There has been some confusion about what Charmod-Norm says (and what the Internationalization WG thought it meant when it said it). I'd like to clarify somewhat. Please note that this is a *personal* email, with my chair hat off.

The normative bits of Charmod-Norm live at [1]. Items C300 and C301 use the RFC 2119 keyword "SHOULD" in requiring that content and specifications be fully-normalized or include-normalized. These requirements used to say "MUST" because the original intent was that "early uniform normalization" (EUN) would be required by the Character Model.

In 2004/2005, the Internationalization Working Group decided that early uniform normalization was dead and that requiring normalization of content (such that applications could assume that content was already normalized) was no longer a reasonable position for Charmod. The debate was whether to relax the "MUST" requirement to "SHOULD", to "MAY", or whether it should be removed altogether. The WG felt, at that time, that normalized content was desirable even if applications and formats could not count on normalization having been applied. Therefore, the recommendation was kept at "SHOULD" rather than the weaker "MAY" (or removed altogether). Further, it was felt that new formats might wish to require normalization even if existing formats did not.

It would be unreasonable, in my opinion, to treat HTML5 as a *new* format, so I think any expectations for adding a normalization requirement to HTML are unrealistic.

Having dropped EUN, other requirements were added or modified to deal with the fact that content would not be ensured to be in a normalized form. The 2119 keyword "SHOULD" has a very strong normative meaning (only a little bit less strong than "MUST"), but the WG's intent was significantly less strong. Once you cannot assume that content is normalized, one must perform normalization sensitive operations carefully or suffer the consequences.

Charmod-Norm was not intended to be advanced in its current form for precisely the reasons we are discussing on this thread. Removing EUN means additional complexity, since specifications and formats must then deal with normalization independently, especially when it comes to things such as identifiers. The I18N Core WG has recently agreed to work on normalization guidelines again.

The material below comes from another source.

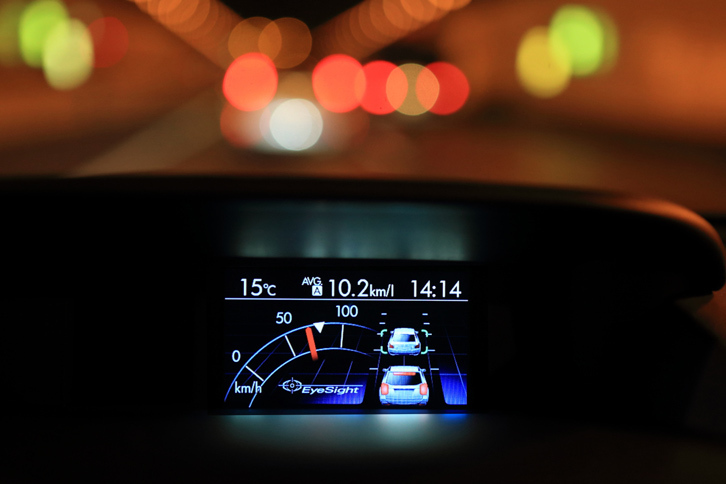 クルーズコントロールの作動状況は、メーター内の表示に加えてインストゥルメントパネル上部のマルチファンクションディスプレイでも確認が可能。減速時にブレーキが作動すると、自車を示すアイコンにもブレーキランプが点灯する。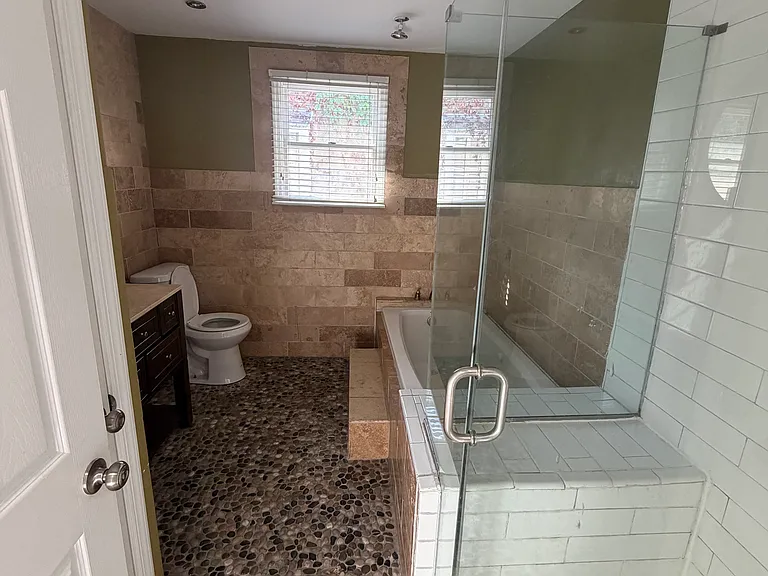 2331 E Susquehanna Ave — Photo 23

There is (and has ever been) little enthusiasm for working on the Character Model, but having read the normalization document again this weekend, I suspect that Charmod-Norm will probably have to be replaced, rather than just worked around.



Addison Phillips
Globalization Architect (Lab126)
Chair (W3C I18N WG)

Internationalization is not a feature.
It is an architecture.


Received on Sunday, 29 May 2011 20:54:57 UTC